Falar da morte, não importa quem seja o interlocutor, é, portanto, um assunto delicado. Imagina-se, em geral, que a ideia da morte esteja distante do universo infantil, mas não é bem assim. Na opinião de Wolff, “[…] se o idoso está mais próximo de morrer do que a criança, a criança está mais próxima da ideia da morte”. Se para o idoso, a morte é velha conhecida, para a criança é uma novidade, uma ideia bastante abstrata, que ela ainda precisa explorar. Ou seja, a morte e seus símbolos rondam a criança, os fantasmas de repente chegam do além, conforme se lê nas histórias de terror clássicas que leitores de todas as idades tanto apreciam.
Em O pato, a morte e a tulipa, com o decorrer do tempo, a morte, longe de ser assustadora, passa a ser a grande companheira do pato que envelheceu:
– O que a gente vai fazer hoje? – perguntou a morte bem-humorada.

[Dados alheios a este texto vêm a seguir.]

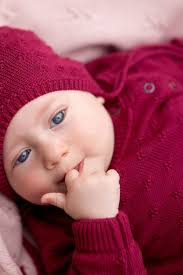 Dziecięcy sweter bawełniany MADISON BORDO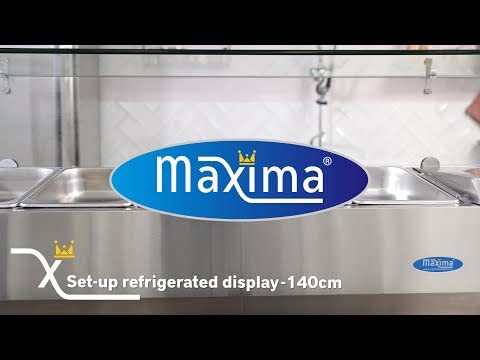Maxima Gastro Aufsatzkühlvitrine - 120 cm - Passt 4 x 1/3 GN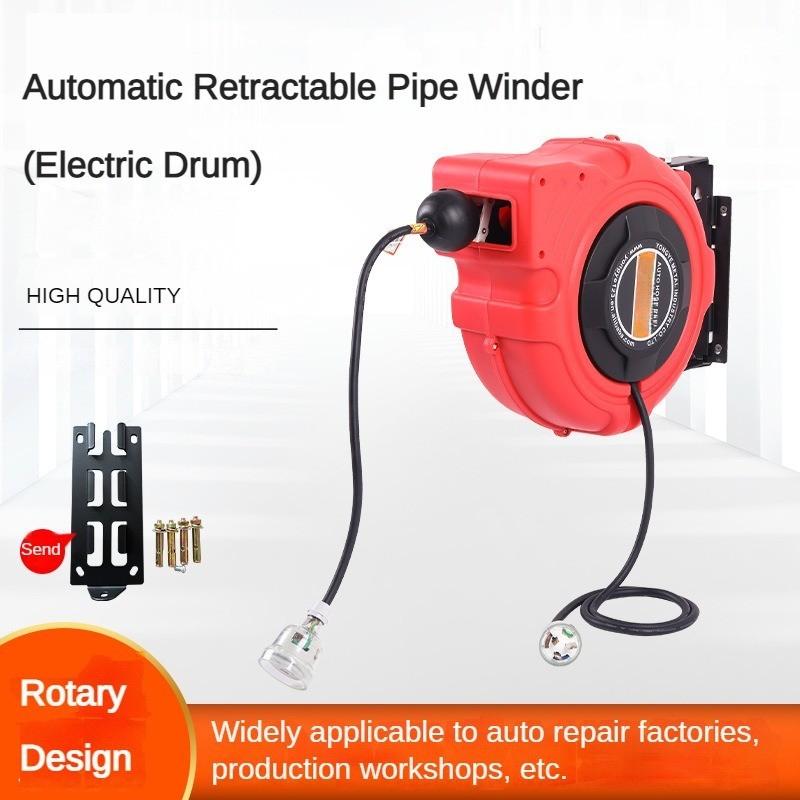 Wall Mounted Electric Wire Winding Device Automatic Retractable Pipe Reel Automobile Repair And Beauty Tool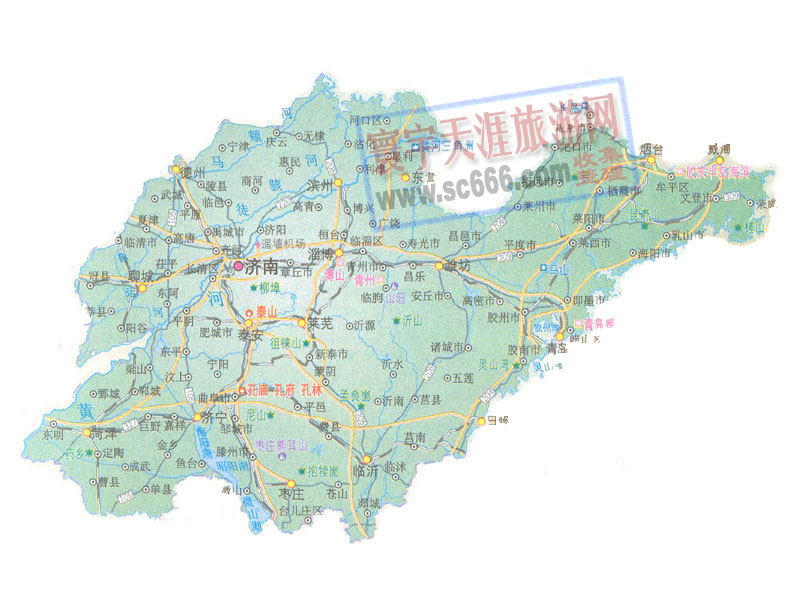 山东省地图2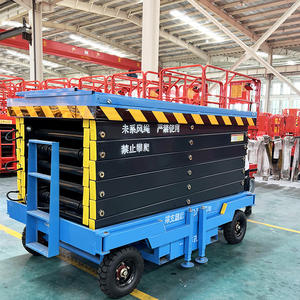 Plataforma Elevadora Eléctrica Remolcable, Elevador de Trabajadores, Elevador Aéreo Móvil Manual, Plataforma Elevadora de Tijera Hidráulica - Product Image 2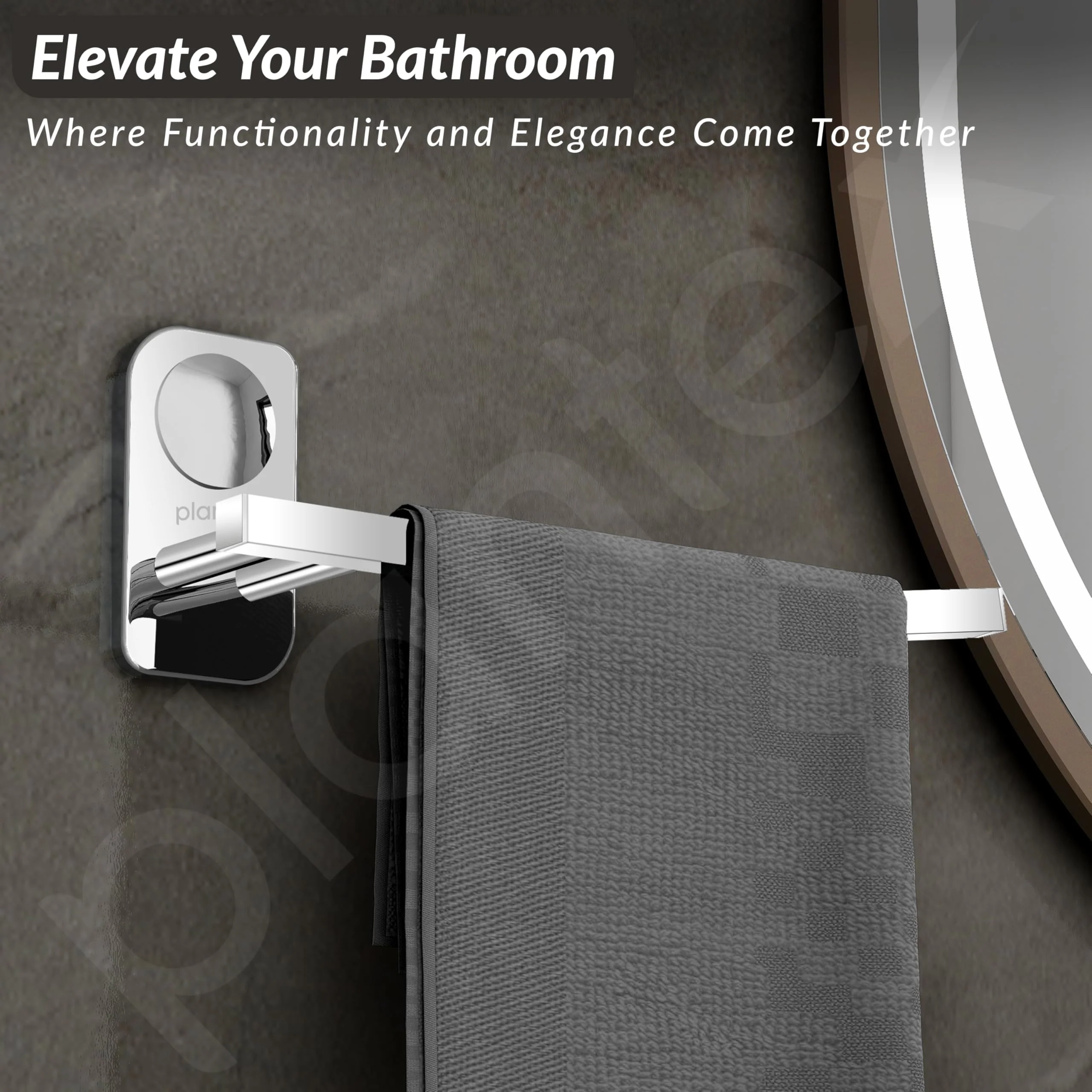 Plantex Stainless Steel Napkin Hanger for Washbasin/Napkin Holder for Bathroom/Towel Ring/Bathroom Accessories - Dream (Chrome Finish) Pack of 1 - Image 7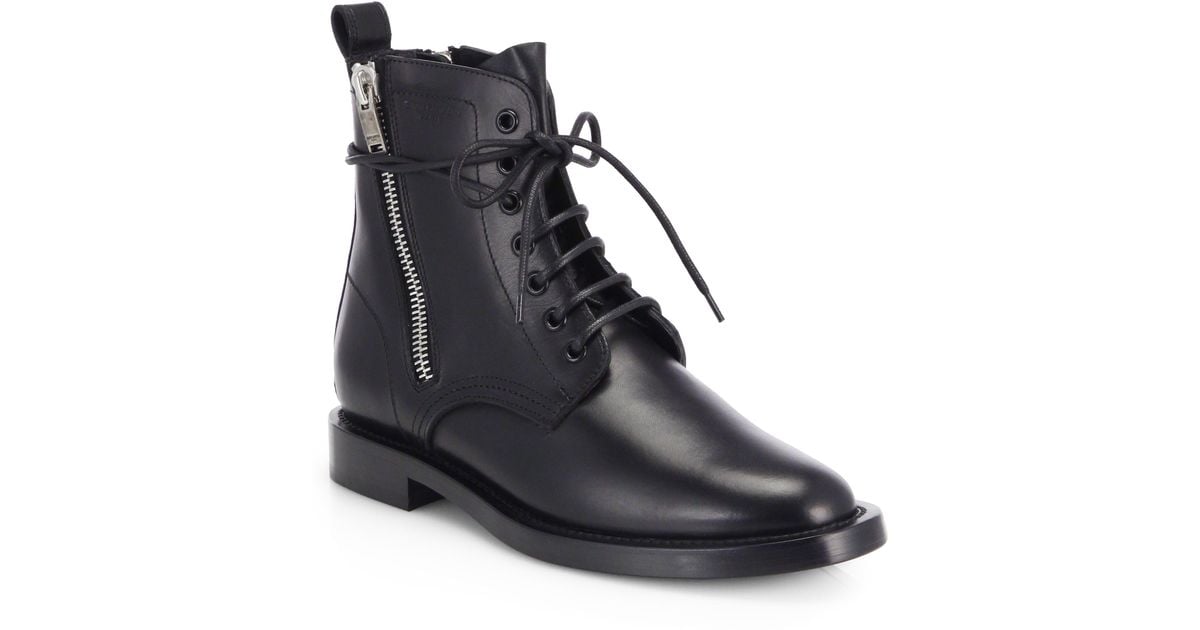 saint laurent ranger combat boots
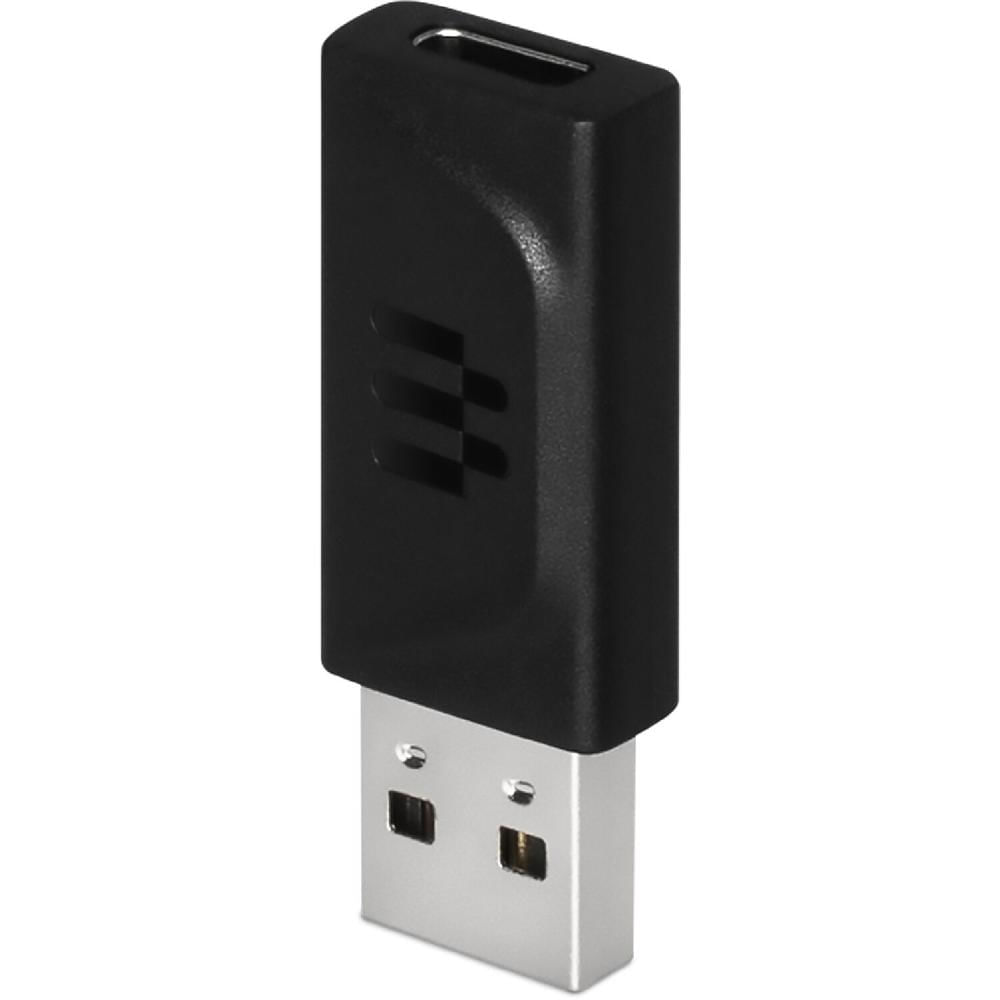 EPOS Adaptador USB-C a USB-A - Conector USB-A Macho y USB-C Hembra, Color Negro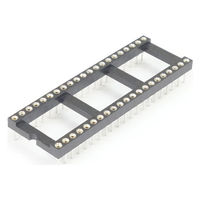 GB 丸ピンICソケット 600MIL 42ピン 2.54mmピッチ GB-ICS-6ML42R 1個（直送品）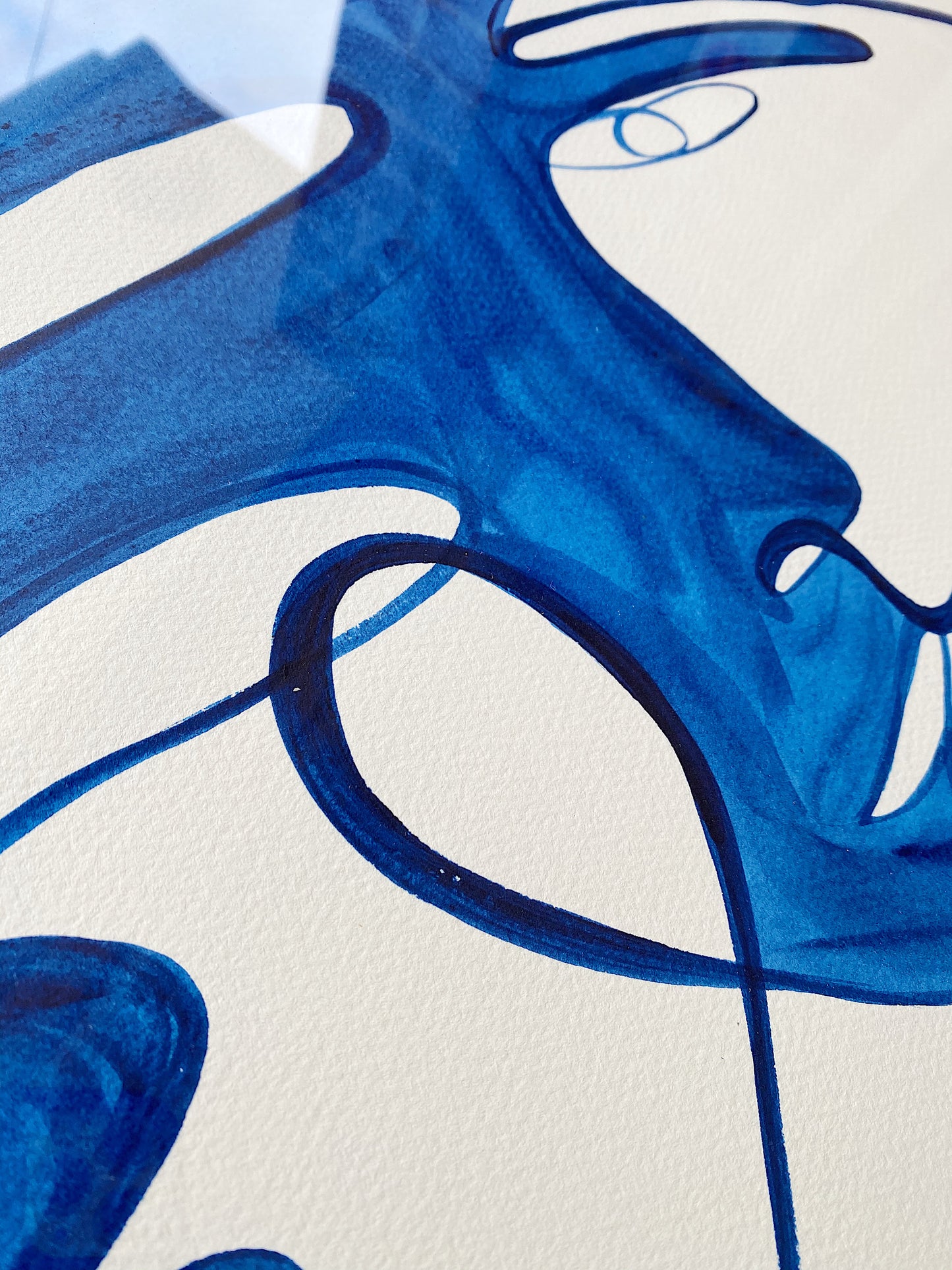 "When The Street Lights Come On" - Original Acrylic on 300gsm Cold Pressed Paper, Framed in Tasmanian Oak. 710mm x 900mm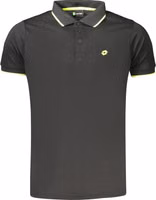 Black Polyester Men's Polo Shirt 1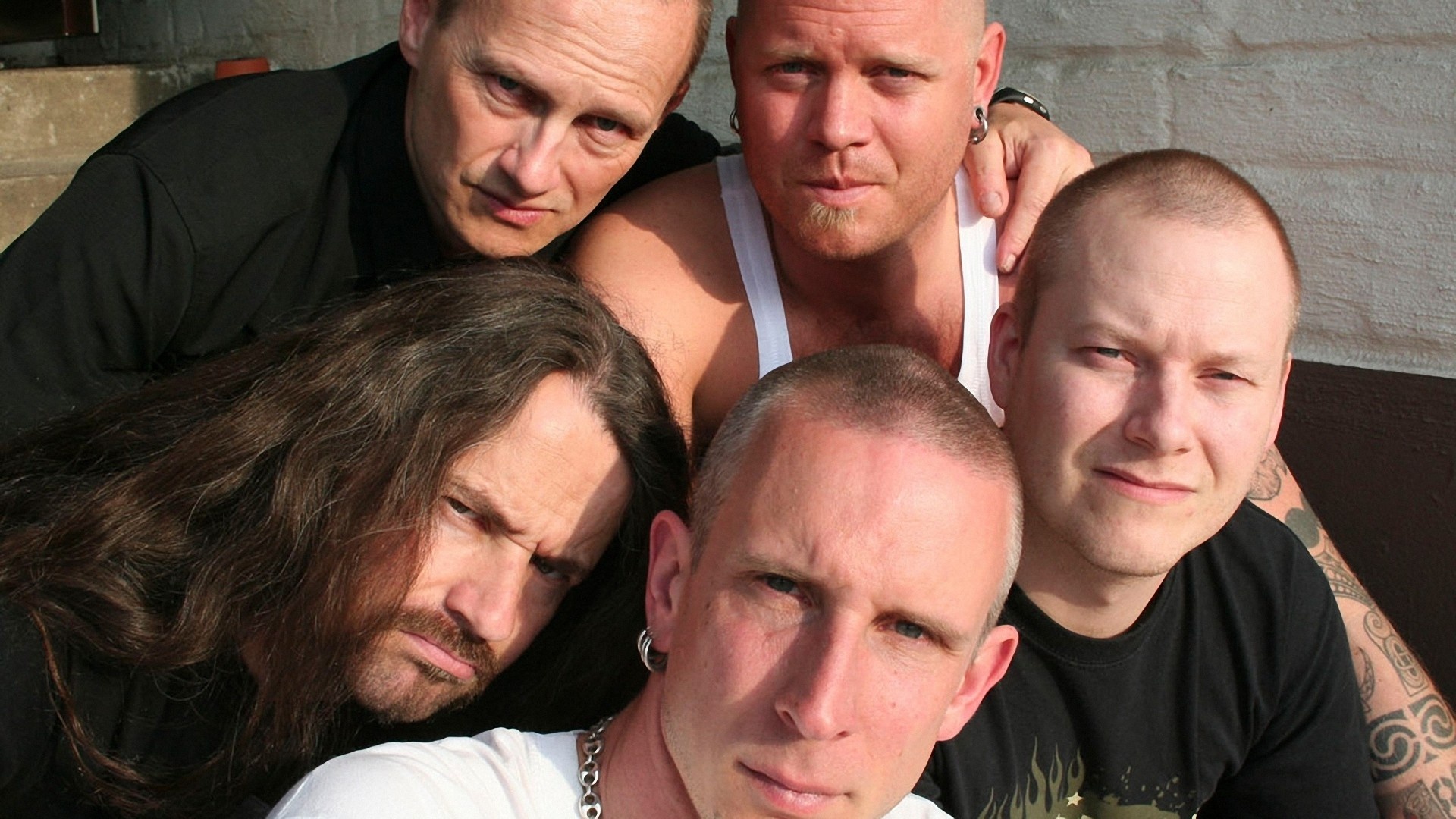 Clawfinger Faces Look Tattoo Band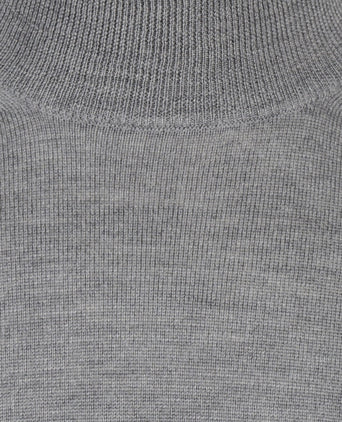 Merino wool turtle neck sweater | Grey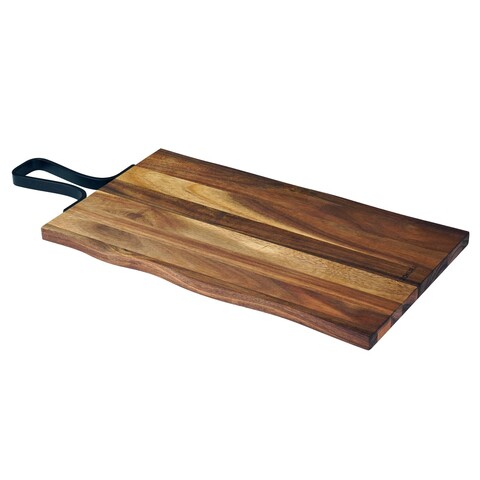 Tocator cu maner, din lemn de acacia, 39 x 22 cm, Grosime 1,5 cm - Zokura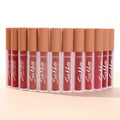 Hudamoji Silky Smooth Matte Long Lasting Lipgloss Set Pack of 12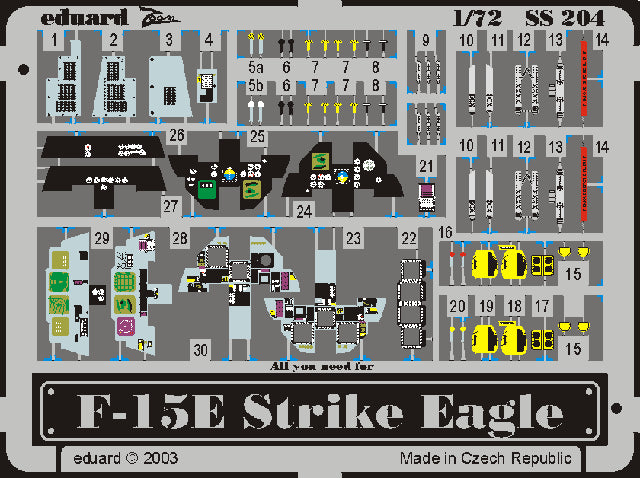 Eduard EDSS204 1:72 McDonnell F-15E Strike Eagle PRE-PAINTED IN COLOUR!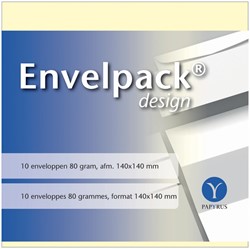 Envelop Papyrus Envelpack vierkant 140x140mm ivoor 10 Stuk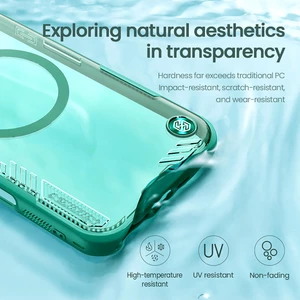 کیفیت قاب شفاف مگنتی محافظ گوشی آیفون 16 پرو مکس نیلکین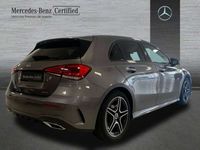 Usado Mercedes A180 AMG line 116 CV (85 kW) 2022 Gris Berlina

– Hoje a gente não vai até o lago – disse o pato. – Vamos fazer uma coisa bem bacana.
A morte ficou aliviada.
– Subir numa árvore? – perguntou de brincadeira.
Quanto à criança, sabe-se que um dia, inevitavelmente, ela começará a pensar na morte de modo mais realista, pensará na morte dos outros e na sua própria. Como dizia Hegel, o homem é um animal mortal, que só deixa de ser animal quando se lembra que é mortal. Apesar dessa condição essencialmente humana, Wolff afirma que muitos adultos se surpreendem quando ouvem seus filhos opinar sobre a morte e se angustiar com essa ideia.
Num outro texto de Ensaios sobre o medo,Nathalie Frogneaux lembra que, se por um lado o medo da morte é um sentimento negativo, por outro lado ele tem, como todo sentimento negativo, “[…] um poder revelador superior ao positivo, uma vez que ele permite fazer surgir mais rapidamente, com mais lucidez e clareza, o que o valor ou o bem deixa na sombra e na confusão”. Se a mentira revela o valor da verdade, da justiça etc., a morte revela o valor da vida, conclui Frogneaux.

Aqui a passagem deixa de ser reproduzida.